What the task requires
Transcribe all the entries word for word, skipping the pictures.

[[ Supplied material open ]]

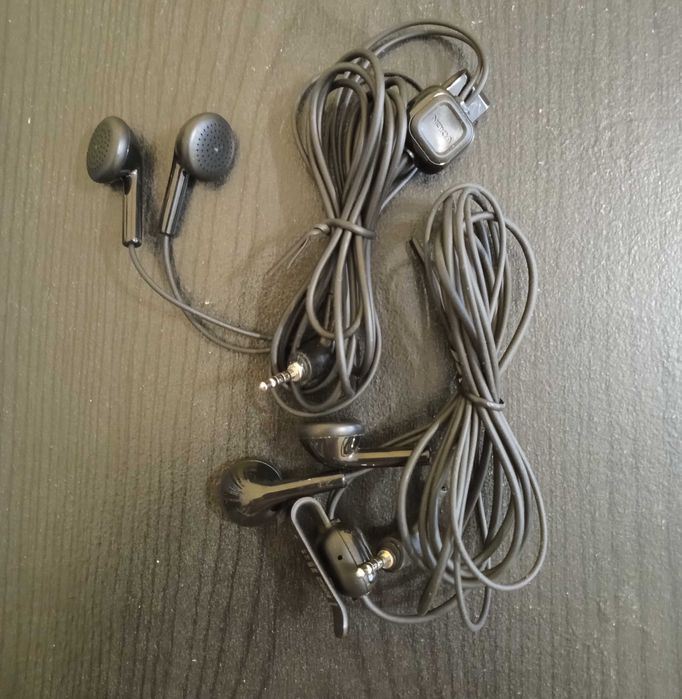 Casti jack cu fir telefon compatibile smartphone Samsung Nokia etc NOU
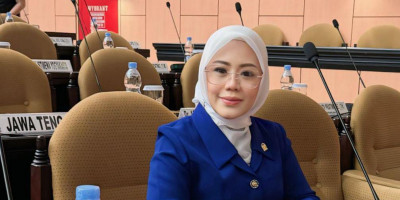 Teh Aanya Jelaskan Duduk Perkara Interupsi Senator Komeng di Sidang Paripurna DPD RI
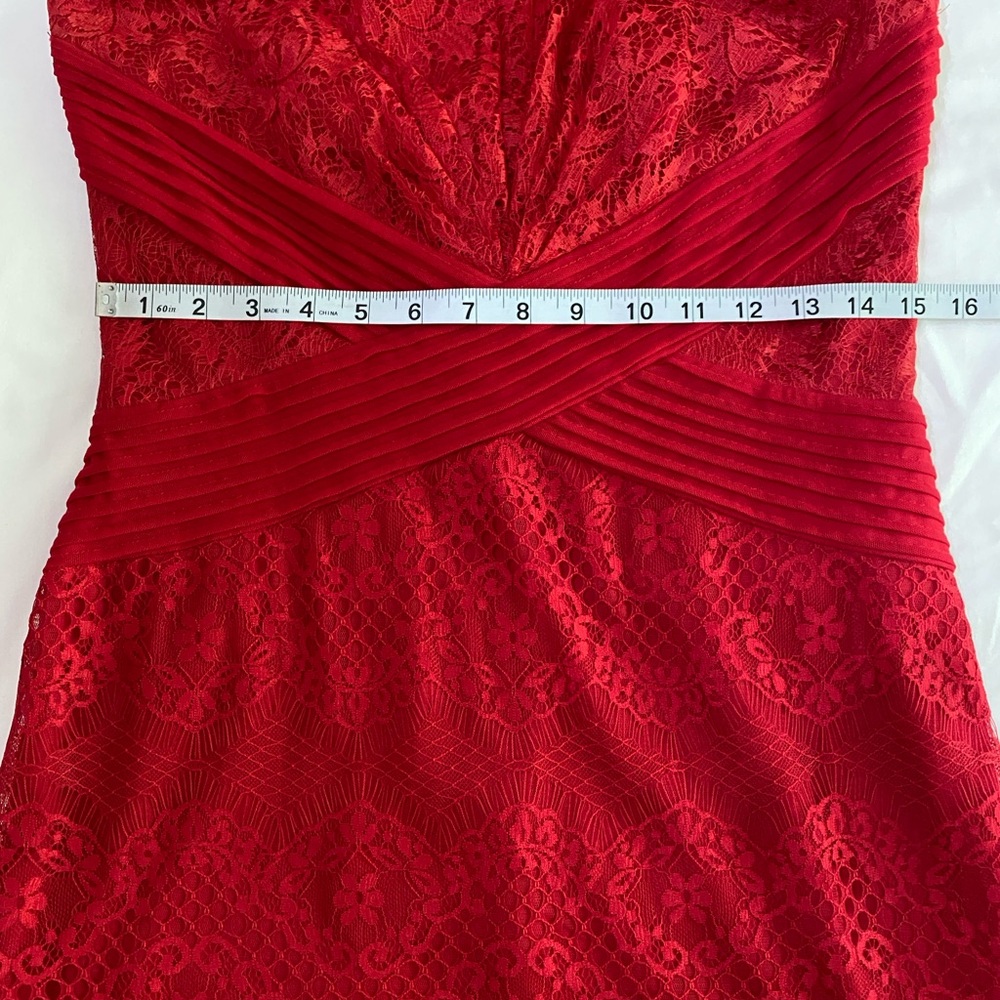 TADASHI SHOJI Cherry Red Chantilly Lace Bateau Neckline Sheath Dress SZ 6 - Picture 10 of 12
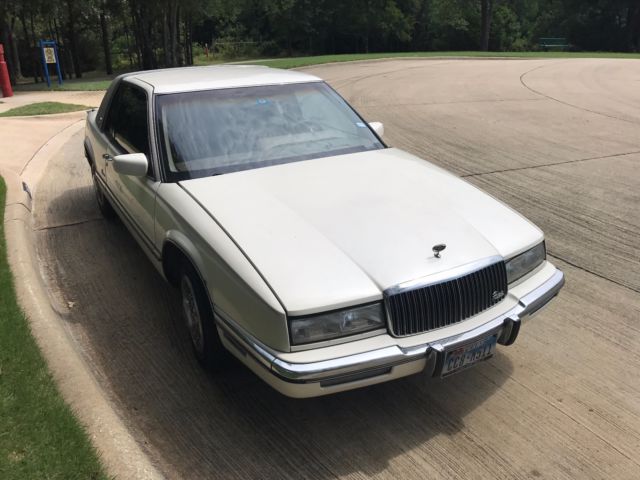 1990 Buick Riviera blue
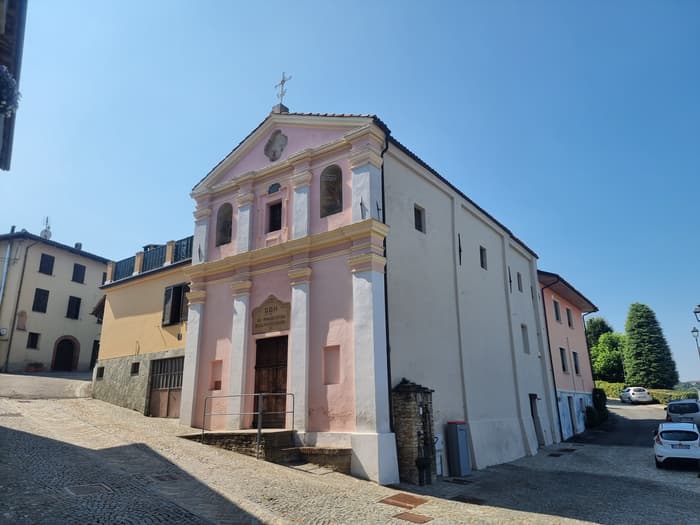Foto di Teatro “Chiesa dei Battuti" a Rodello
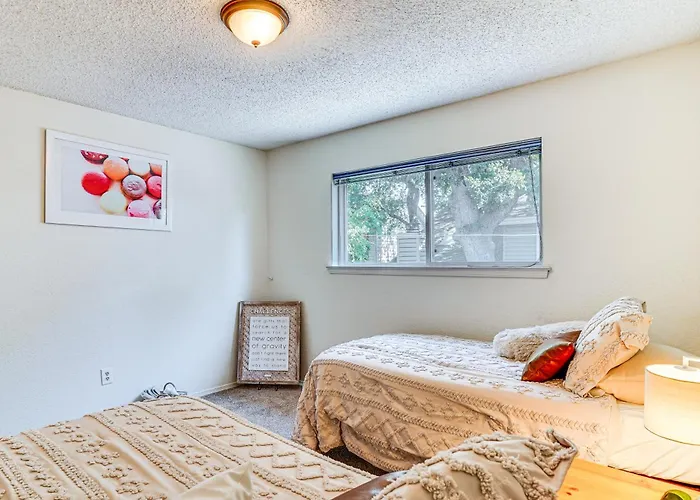 4 Mi To At&t Stadium: Worth Townhome! Holiday home *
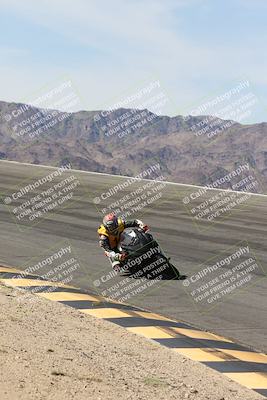 media/May-10-2025-Race Pace (Sat) [[db32fef2da]]/Vested/4-Bowl Set 2 (910am)/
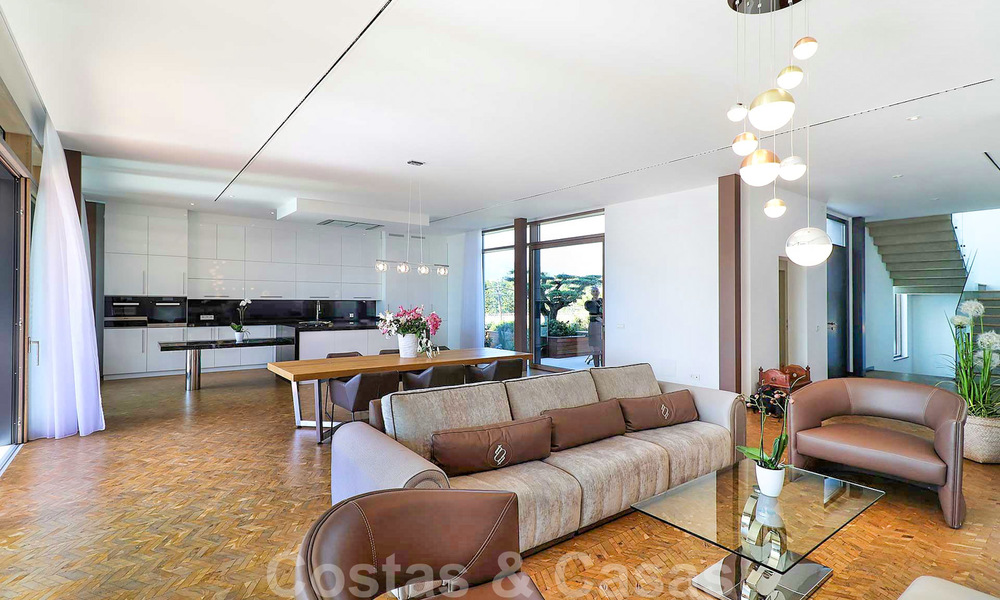 A vendre, villa moderne prête à emménager, à proximité de Puerto Banus à Nueva Andalucia, Marbella 28652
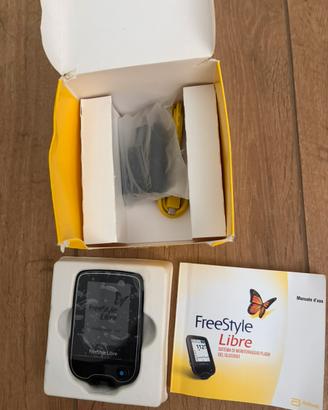 Lettore di monitoraggio flash del glucosio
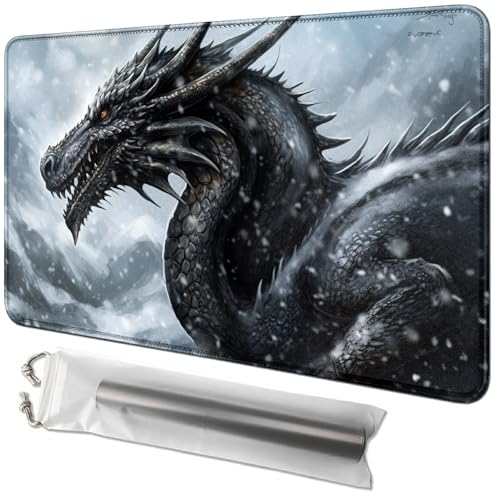 RWUTYTIUL Kartenspielmatte 61 x 35,6 cm mit Playmat-Tube-Tasche, Kartenspiel-Spielmatte mit genähtem Commander-Deckbrett, MTG, RPG, CCG, TCG, Kartenspiel, Schreibtischmatten für Anfänger, RWUTYTIUL Kartenspielmatte 61 x 35,6 cm mit Playmat-Tube-Tasche, Kartenspiel-Spielmatte mit genähtem Commander-Deckbrett, MTG, RPG, CCG, TCG, Kartenspiel, Schreibtischmatten für Anfänger, von RWUTYTIUL
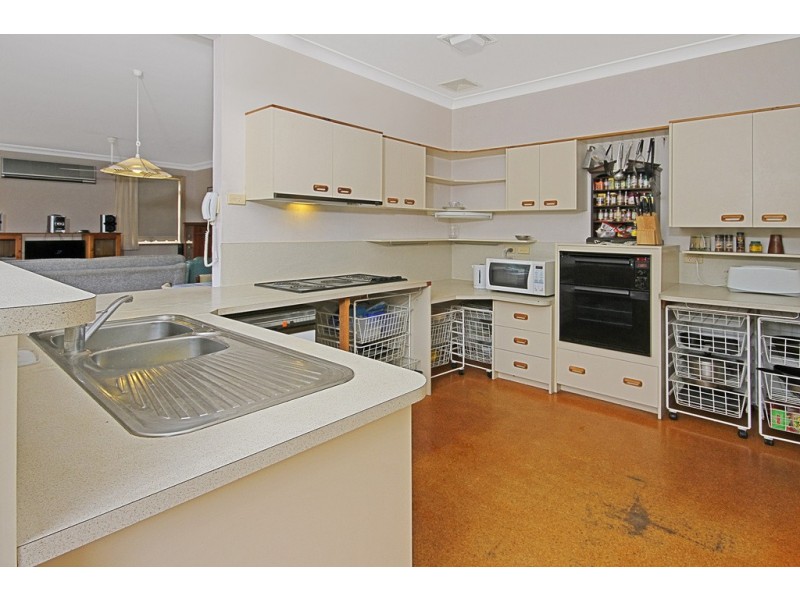 7 Blaxland Crescent, Sunshine Bay NSW 2536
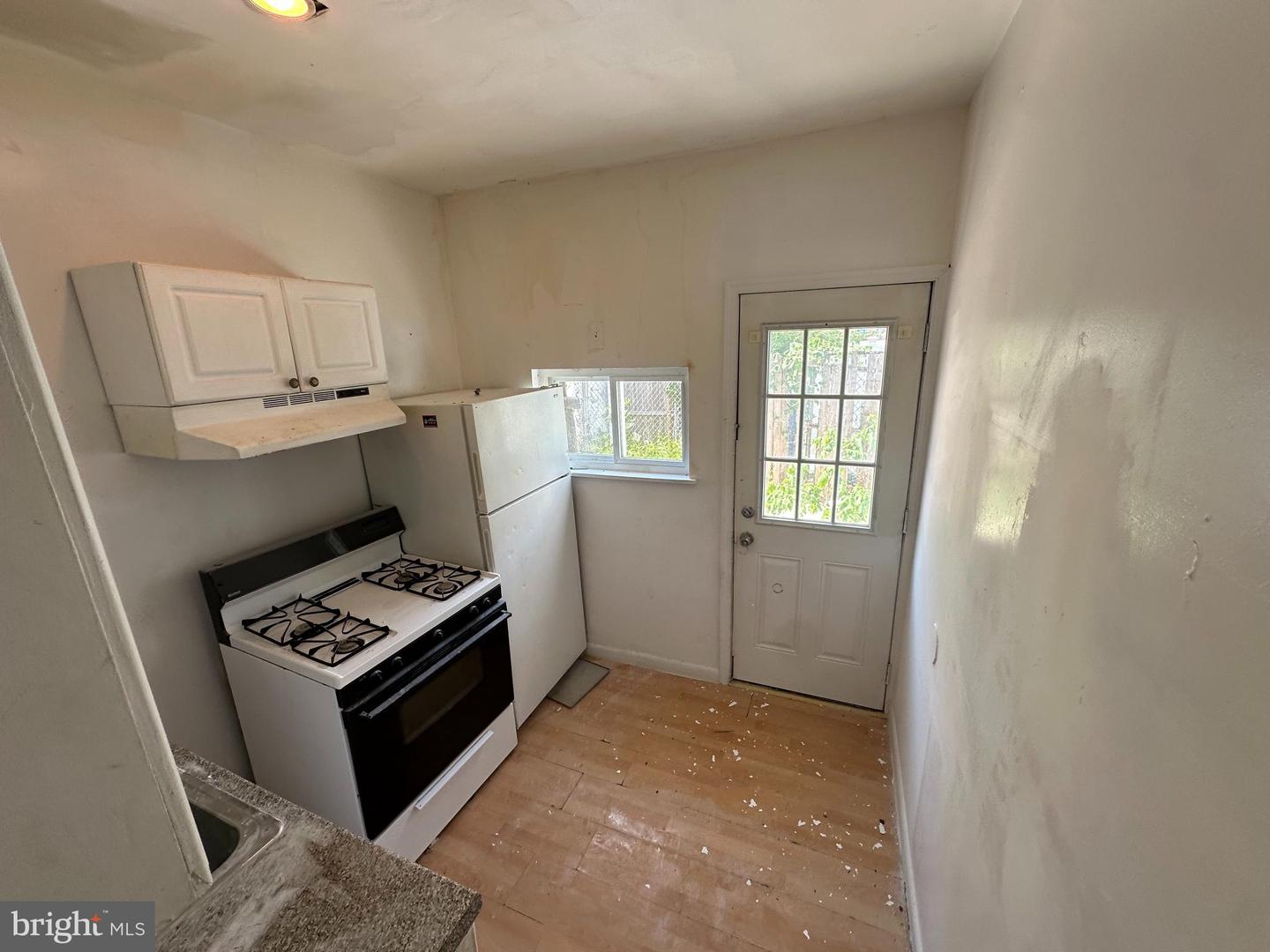 2606 Cedar St Property Photo 4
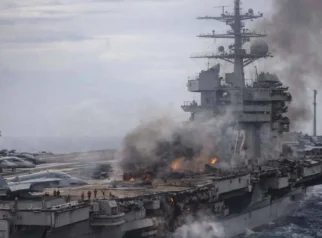 USS Abraham Lincoln Bersandar di Laem Chabang Usai 286 Hari di Laut dengan Kondisi Mengenaskan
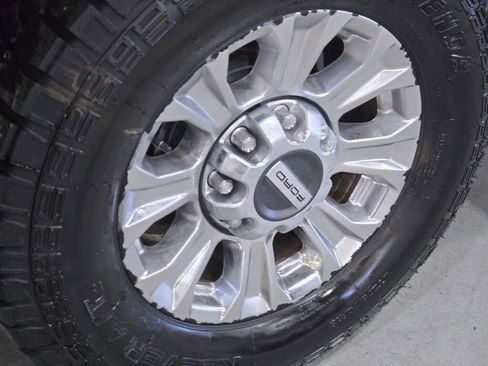 Used 2017 Ford F250 Lariat w/ Chrome Package image 19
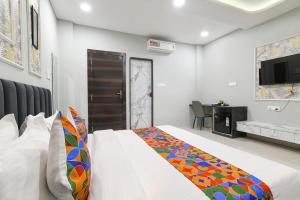 FabHotel RK - Near Bombay Hospital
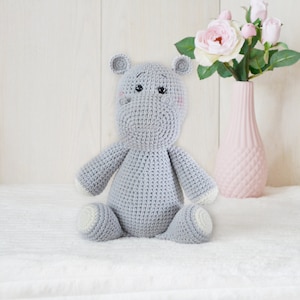 Nilpferd Baby Stofftier häkeln personalisierte Mädchen Junge Ostern Korbfüller Kleinkind Weihnachtsgeschenk für Kinder handgefertigt
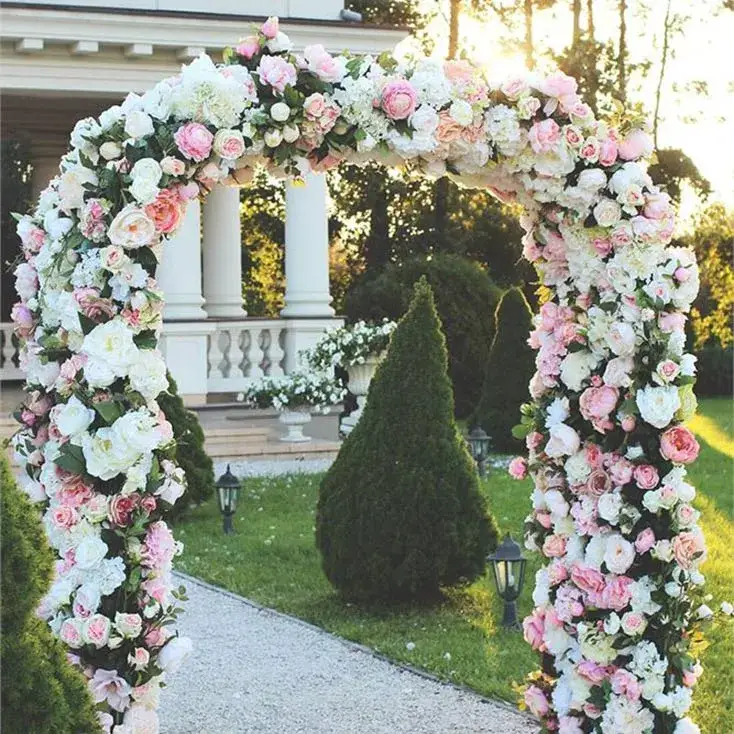 Jak zrobić łuk ślubny DIY – proste kroki, oszczędność i unikalna dekoracja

[[ Supplied material closed ]]

Answer section
 Casti jack cu fir telefon compatibile smartphone Samsung Nokia etc NOU
 Teh Aanya Jelaskan Duduk Perkara Interupsi Senator Komeng di Sidang Paripurna DPD RI
 TADASHI SHOJI Cherry Red Chantilly Lace Bateau Neckline Sheath Dress SZ 6 - Picture 10 of 12
 1990 Buick Riviera blue
Foto di Teatro “Chiesa dei Battuti" a Rodello
 4 Mi To At&t Stadium: Worth Townhome! Holiday home *
 media/May-10-2025-Race Pace (Sat) [[db32fef2da]]/Vested/4-Bowl Set 2 (910am)/
 A vendre, villa moderne prête à emménager, à proximité de Puerto Banus à Nueva Andalucia, Marbella 28652
 Lettore di monitoraggio flash del glucosio
 RWUTYTIUL Kartenspielmatte 61 x 35,6 cm mit Playmat-Tube-Tasche, Kartenspiel-Spielmatte mit genähtem Commander-Deckbrett, MTG, RPG, CCG, TCG, Kartenspiel, Schreibtischmatten für Anfänger, RWUTYTIUL Kartenspielmatte 61 x 35,6 cm mit Playmat-Tube-Tasche, Kartenspiel-Spielmatte mit genähtem Commander-Deckbrett, MTG, RPG, CCG, TCG, Kartenspiel, Schreibtischmatten für Anfänger, von RWUTYTIUL
 7 Blaxland Crescent, Sunshine Bay NSW 2536
 2606 Cedar St Property Photo 4
 USS Abraham Lincoln Bersandar di Laem Chabang Usai 286 Hari di Laut dengan Kondisi Mengenaskan
 Used 2017 Ford F250 Lariat w/ Chrome Package image 19
 FabHotel RK - Near Bombay Hospital
 Nilpferd Baby Stofftier häkeln personalisierte Mädchen Junge Ostern Korbfüller Kleinkind Weihnachtsgeschenk für Kinder handgefertigt
 Jak zrobić łuk ślubny DIY – proste kroki, oszczędność i unikalna dekoracja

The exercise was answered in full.